- **What is required**: Every line from the one with "Skincare products with" up to and including the one with "Detail of hand-woven" is to be output exactly as it appears below; pictures are not.
** Data extract follows **
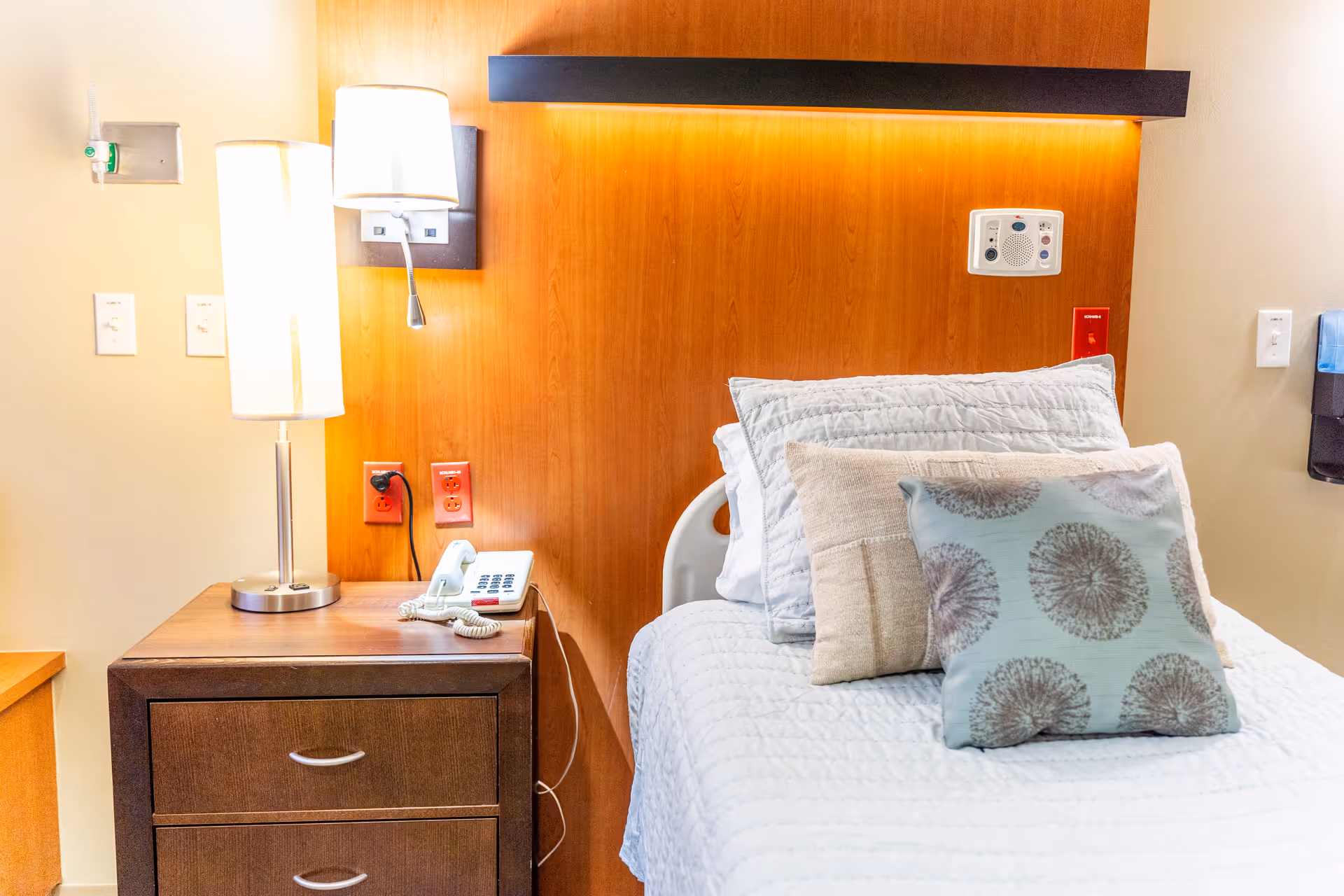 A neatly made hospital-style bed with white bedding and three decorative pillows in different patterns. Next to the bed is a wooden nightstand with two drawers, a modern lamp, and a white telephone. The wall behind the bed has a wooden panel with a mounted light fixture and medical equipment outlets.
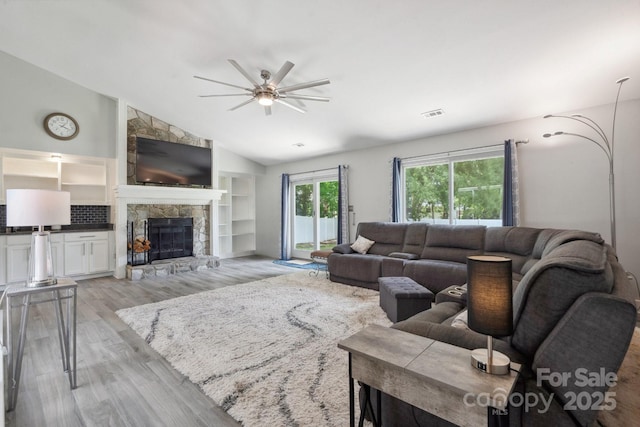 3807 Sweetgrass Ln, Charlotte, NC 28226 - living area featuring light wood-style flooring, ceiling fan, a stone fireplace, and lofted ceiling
** End of Data extract **
** Data extract follows **
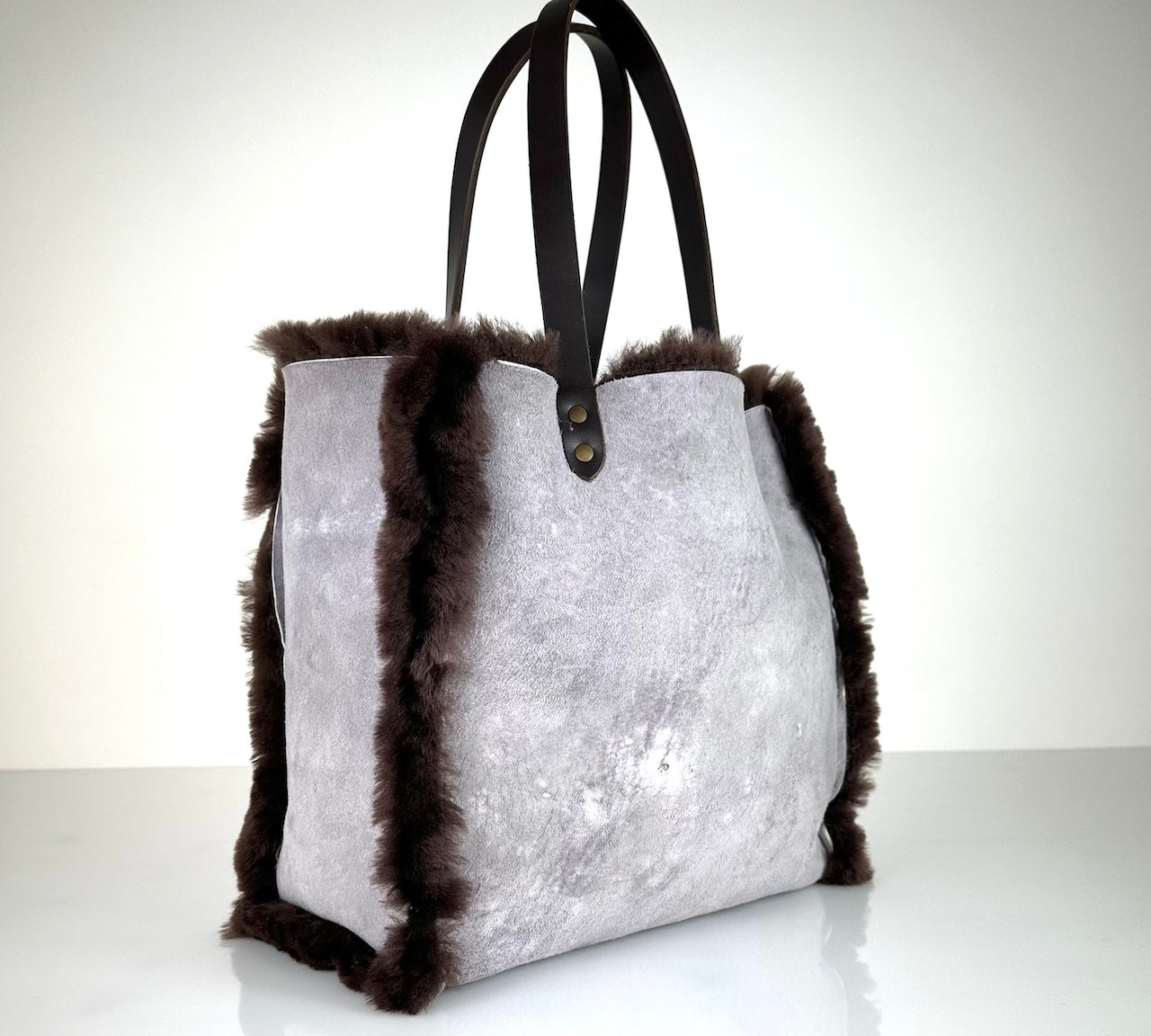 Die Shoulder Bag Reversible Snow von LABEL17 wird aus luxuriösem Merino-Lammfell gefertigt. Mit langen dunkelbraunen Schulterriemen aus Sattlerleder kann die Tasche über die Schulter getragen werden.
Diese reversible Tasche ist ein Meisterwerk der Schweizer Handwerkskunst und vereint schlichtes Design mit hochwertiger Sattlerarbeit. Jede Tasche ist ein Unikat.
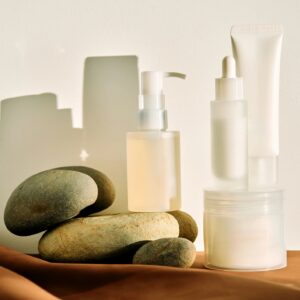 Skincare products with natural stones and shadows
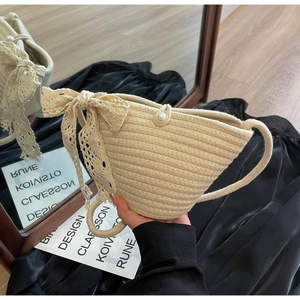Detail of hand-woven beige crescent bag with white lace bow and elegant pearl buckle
** End of Data extract **
** Data extract follows **
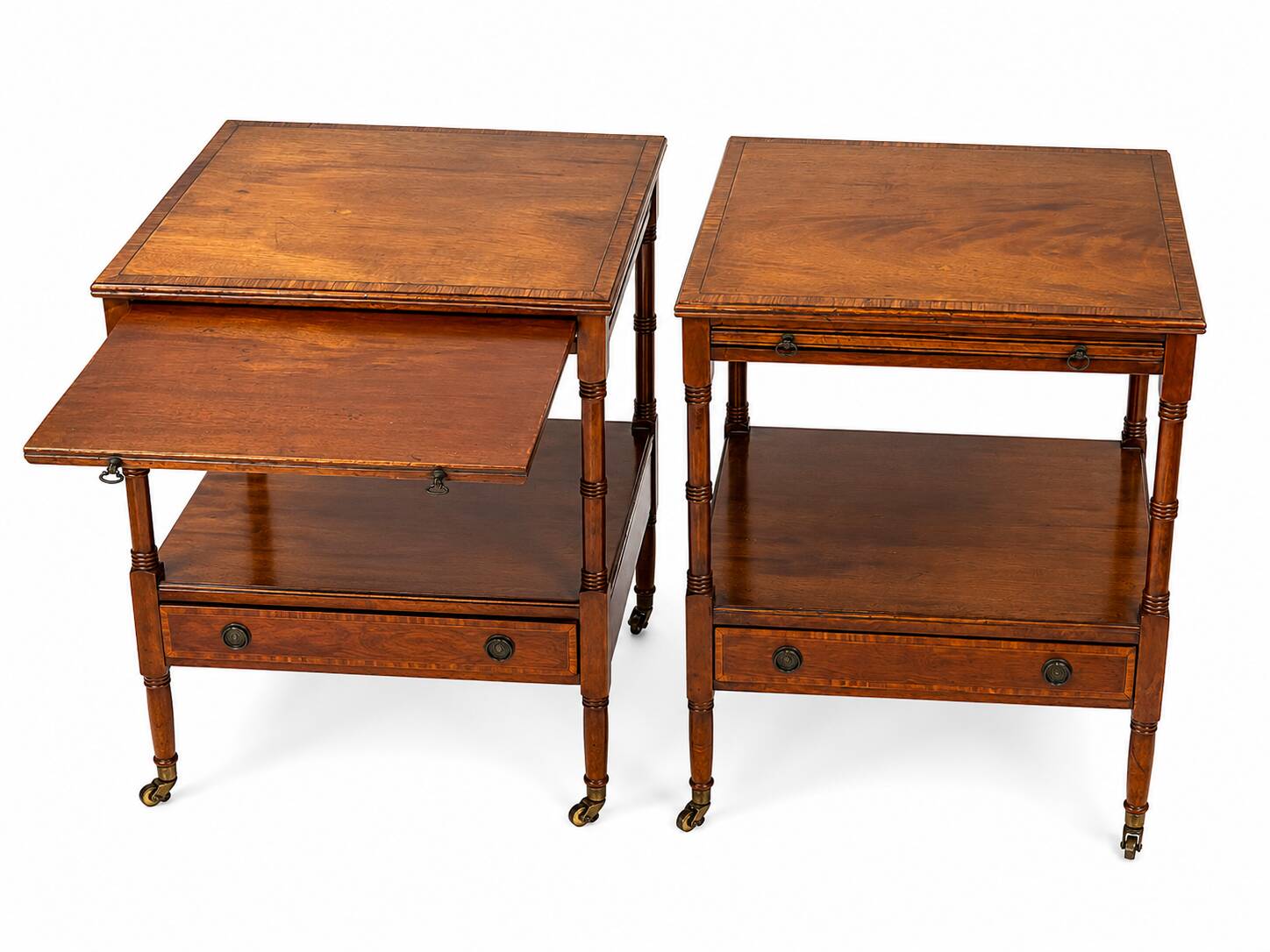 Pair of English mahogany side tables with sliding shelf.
** End of Data extract **
- **Task response**:
 Skincare products with natural stones and shadows
Detail of hand-woven beige crescent bag with white lace bow and elegant pearl buckle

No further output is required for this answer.